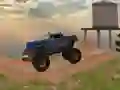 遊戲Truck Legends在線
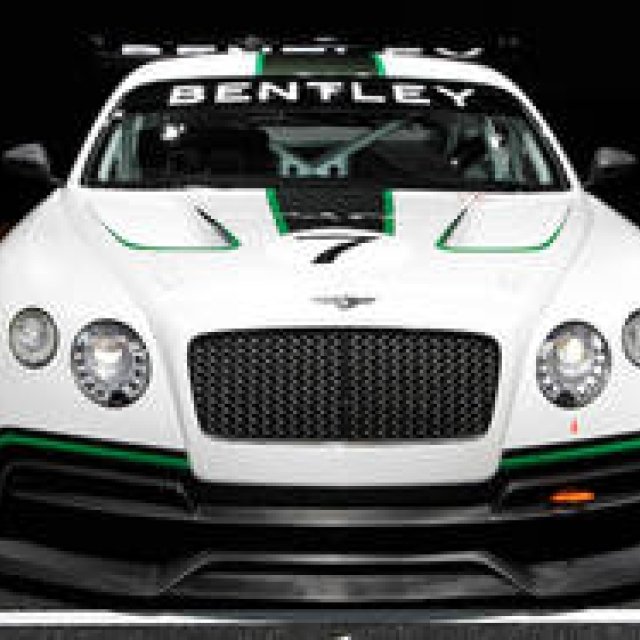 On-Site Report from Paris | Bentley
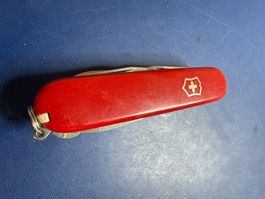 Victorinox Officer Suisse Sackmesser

____

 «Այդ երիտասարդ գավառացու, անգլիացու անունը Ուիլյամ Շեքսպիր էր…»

____

A word-for-word reproduction is needed of the lines above from the line containing "On-Site Report from Paris | Bentley" through the line containing "Victorinox Officer Suisse Sackmesser", with both ends kept and no pictures.

 On-Site Report from Paris | Bentley
 Victorinox Officer Suisse Sackmesser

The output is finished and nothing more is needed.